[Web page caption snippets]

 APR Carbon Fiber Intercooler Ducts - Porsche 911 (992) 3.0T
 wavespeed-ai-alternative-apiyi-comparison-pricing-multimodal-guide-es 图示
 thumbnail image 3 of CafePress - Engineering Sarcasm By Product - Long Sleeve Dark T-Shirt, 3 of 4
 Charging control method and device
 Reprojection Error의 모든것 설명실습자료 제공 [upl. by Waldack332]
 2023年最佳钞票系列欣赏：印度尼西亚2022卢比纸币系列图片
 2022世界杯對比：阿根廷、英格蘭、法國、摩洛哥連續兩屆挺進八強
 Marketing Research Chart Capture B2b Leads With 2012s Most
...
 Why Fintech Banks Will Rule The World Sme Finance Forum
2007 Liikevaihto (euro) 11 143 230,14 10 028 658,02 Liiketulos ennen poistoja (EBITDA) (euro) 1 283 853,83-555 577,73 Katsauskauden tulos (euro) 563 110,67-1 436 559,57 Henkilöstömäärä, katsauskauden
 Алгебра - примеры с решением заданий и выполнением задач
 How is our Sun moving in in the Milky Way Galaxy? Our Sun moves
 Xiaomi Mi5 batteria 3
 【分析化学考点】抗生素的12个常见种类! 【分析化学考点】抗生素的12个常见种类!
* * *
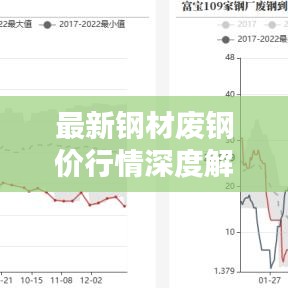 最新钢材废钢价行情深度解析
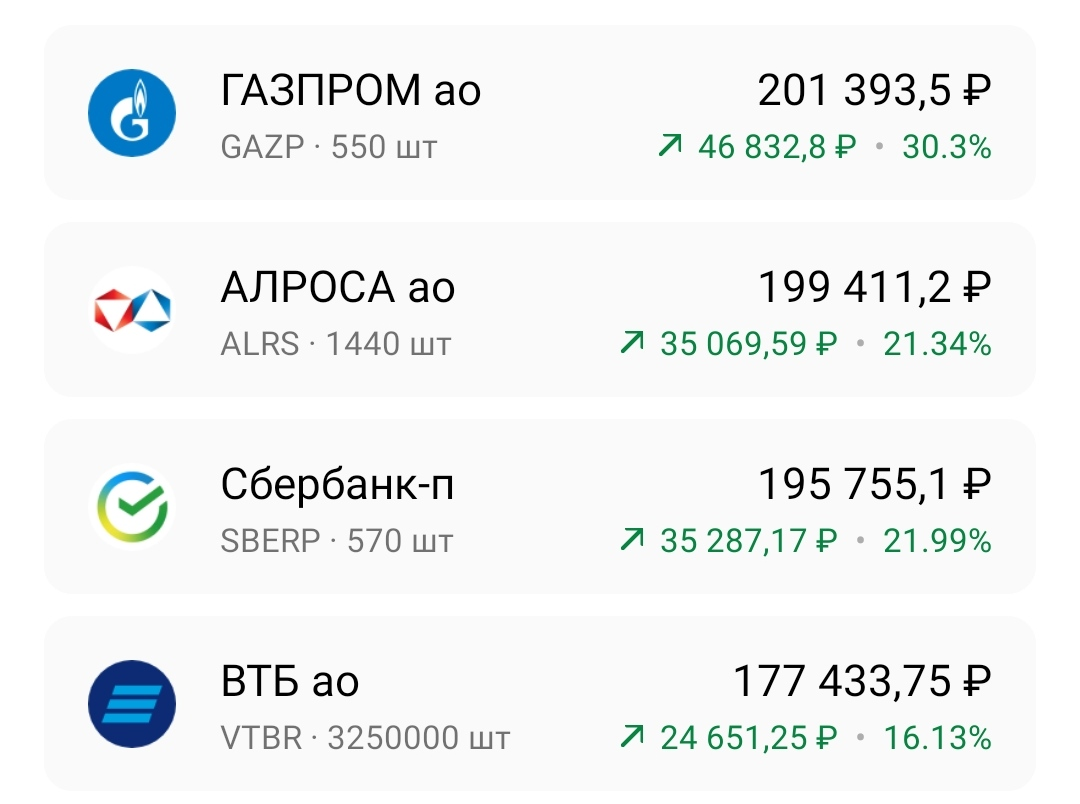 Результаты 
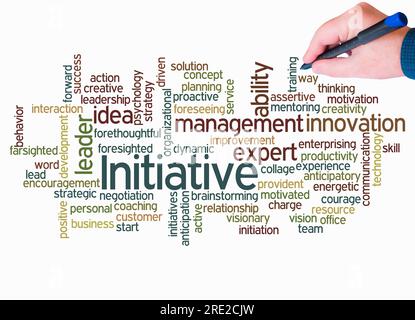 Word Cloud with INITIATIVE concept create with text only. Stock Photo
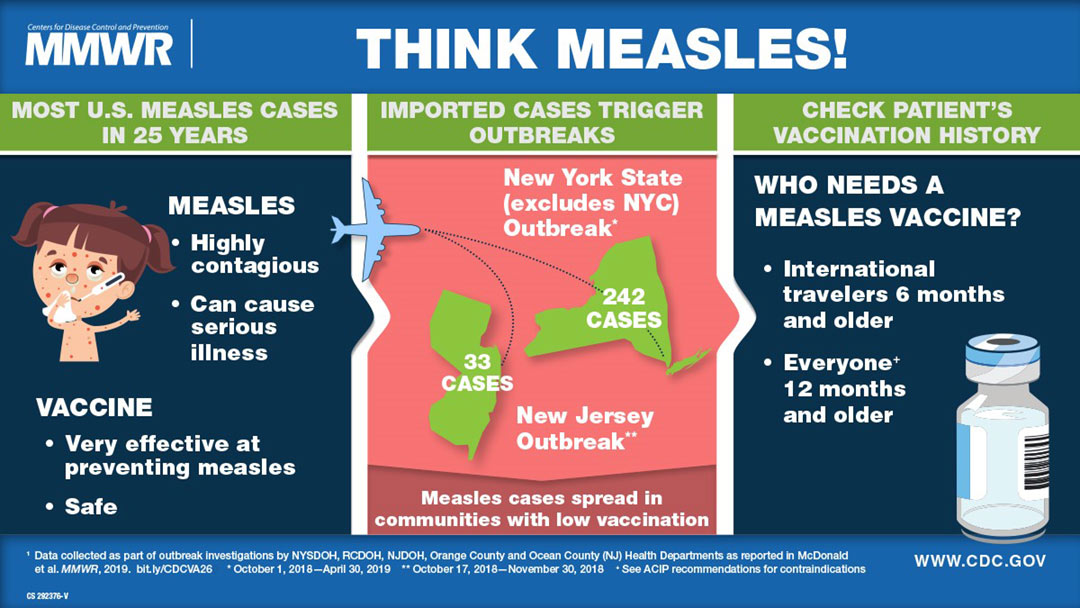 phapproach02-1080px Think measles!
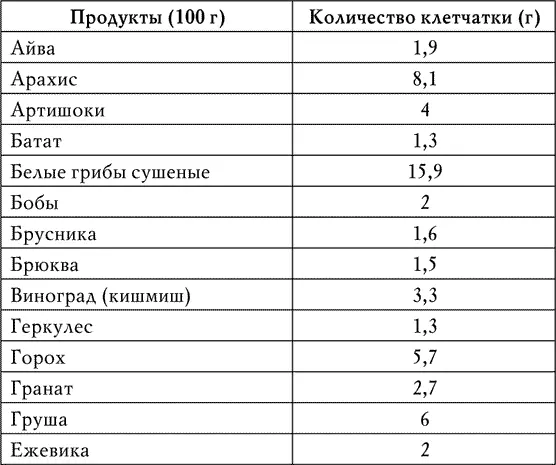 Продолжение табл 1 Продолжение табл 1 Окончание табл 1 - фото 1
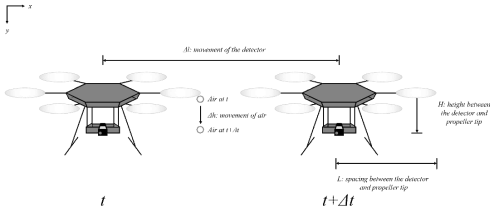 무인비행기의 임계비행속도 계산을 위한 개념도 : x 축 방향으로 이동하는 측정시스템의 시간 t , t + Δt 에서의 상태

WORK INSTRUCTION:
Given the data above, transcribe exactly the lines from the one containing "APR Carbon Fiber" down to the one containing "Marketing Research Chart", and no others.

TASK RESPONSE:
 APR Carbon Fiber Intercooler Ducts - Porsche 911 (992) 3.0T
 wavespeed-ai-alternative-apiyi-comparison-pricing-multimodal-guide-es 图示
 thumbnail image 3 of CafePress - Engineering Sarcasm By Product - Long Sleeve Dark T-Shirt, 3 of 4
 Charging control method and device
 Reprojection Error의 모든것 설명실습자료 제공 [upl. by Waldack332]
 2023年最佳钞票系列欣赏：印度尼西亚2022卢比纸币系列图片
 2022世界杯對比：阿根廷、英格蘭、法國、摩洛哥連續兩屆挺進八強
 Marketing Research Chart Capture B2b Leads With 2012s Most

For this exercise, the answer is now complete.